There's money to be made in recycling and one business has tapped into a profitable way to turn it into jobs and cash.
It really doesn't get any better than this. Two environmentally conscious, savvy entrepeneurs from Southern California, started a recycling business of sorts only ten months ago. And now it's just dizzying trying to keep up with their success.
Bottlehood takes empty soda, liquor and wine bottles and turns them into drinking glasses, tumblers and other items.
In the past four months, business has taken off like a bottle rocket.

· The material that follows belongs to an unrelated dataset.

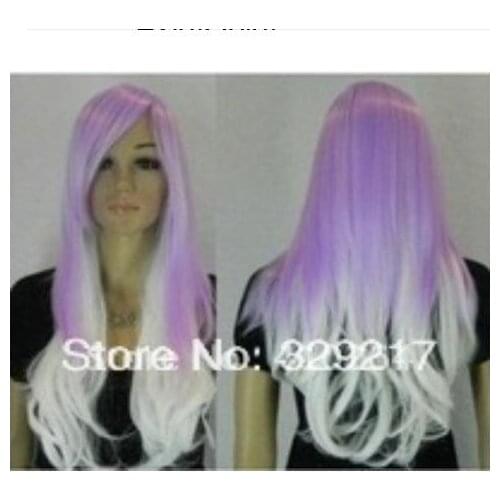 Zhaoxia++03542@Q8@* ++++>> white and purple long wavy wig wig+cap +net w1376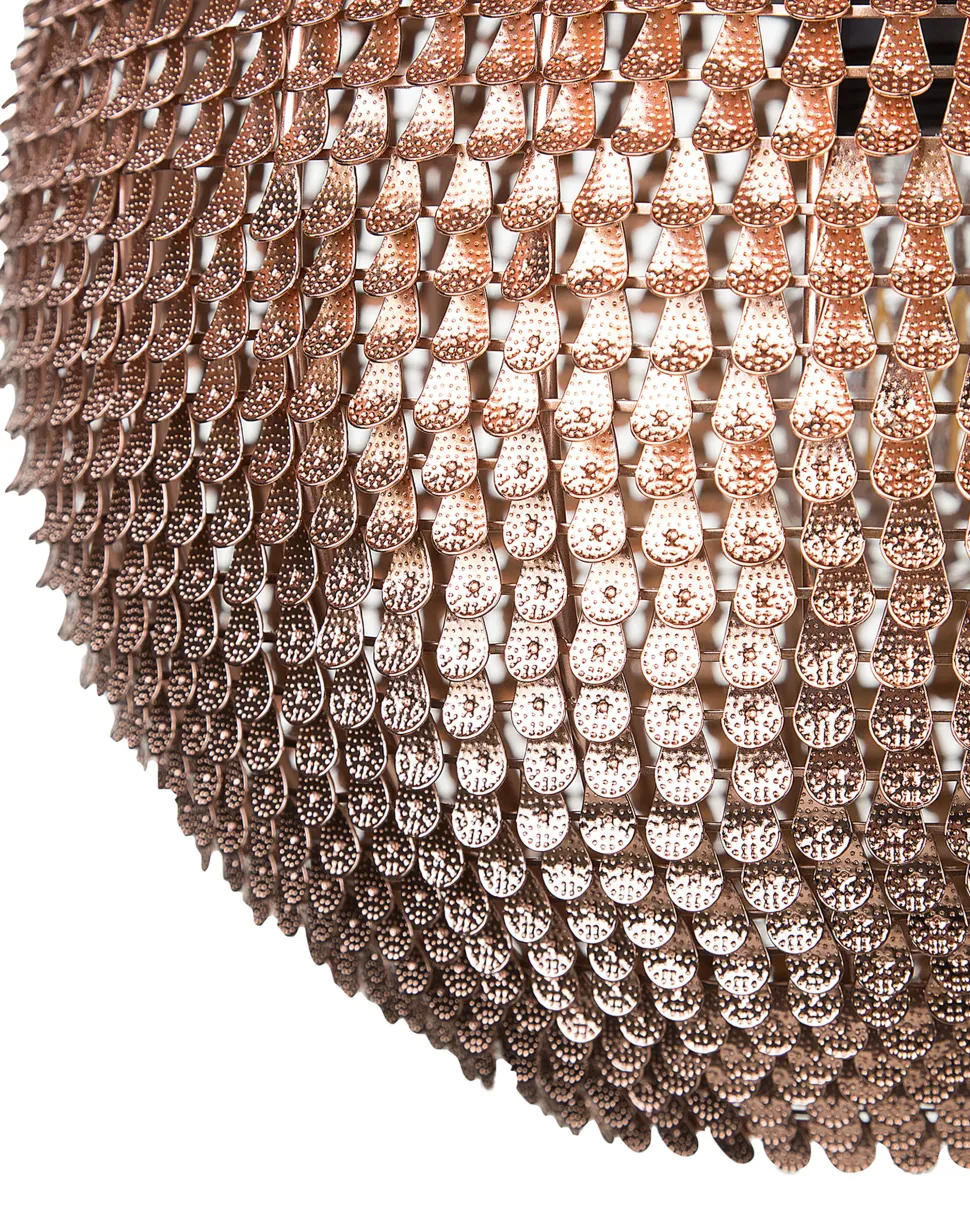 Candeeiro De Teto Esferico Cor De Cobre Seine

"It has gone crazy," said Tiano.
It all began in the backyard of their home in Crest, about 50 miles east of San Diego with four workers cutting bottles and creating products. And now with all this talk about trash, Bottlehead's popularity has soared. The company's workforce is tripled. And its production line has moved from the backyard into a giant warehouse.

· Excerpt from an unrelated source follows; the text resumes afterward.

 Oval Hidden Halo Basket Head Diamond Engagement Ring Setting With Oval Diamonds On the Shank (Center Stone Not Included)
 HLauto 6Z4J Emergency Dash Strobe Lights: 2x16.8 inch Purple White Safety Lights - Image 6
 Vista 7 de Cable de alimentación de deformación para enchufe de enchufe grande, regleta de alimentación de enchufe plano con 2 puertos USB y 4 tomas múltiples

You can read the rest of their success story in "Turning Trash Into Cash."
What's great about this, is that all the right stuff is coming together. Bottlehead was "created out of a passion to create local jobs, stimulate our local retail economy and help our environment," says its founders.
And it is indeed hiring people. "Ambassadors," as Tiano calls them, are paid an hourly wage plus commission to sell the products, but they have to be the right "fit" and believe in their mission of re-purposing discardable items. They really need shippers and packers right now too, to keep up with the orders.

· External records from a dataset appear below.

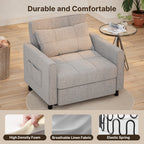 Canapé-lit convertible 3 en 1, chaise longue rembourrée réglable et pliable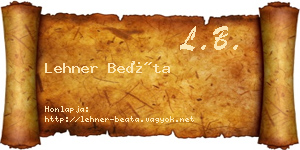 Lehner Beáta névjegykártya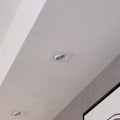 Innbyggingsspot Saliceto kvadratisk svingbar 6W dimbar hvit forfra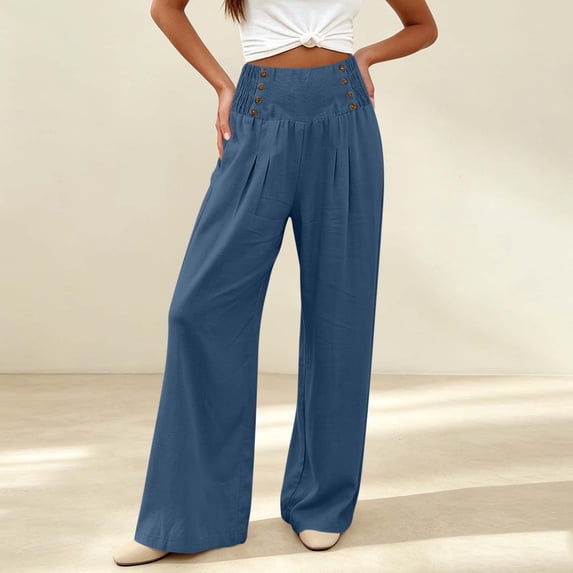 Byworldtasic Women's Plus Size High Waist Smocked Wide Leg Pants, Button Front Flowy Casual Trousers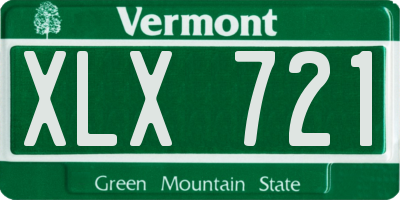 VT license plate XLX721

One of the keys to their marketing success is grassroots--selling their products at farmers' markets throughout California, like Urban Village Farmers' Markets in the Bay Area. That's where they get direct feedback from customers says Tiano. And she says the Etsy social commerce website is where they got a lot of the practical advice of getting their business started from people who are just starting out.
Absolut Vodka and Stone Brewing must love the free publicity with the re-make of their liquour bottles into glassware and vases.
During a time when we're still uncertain about economic recovery, It's a story that's clearly all good.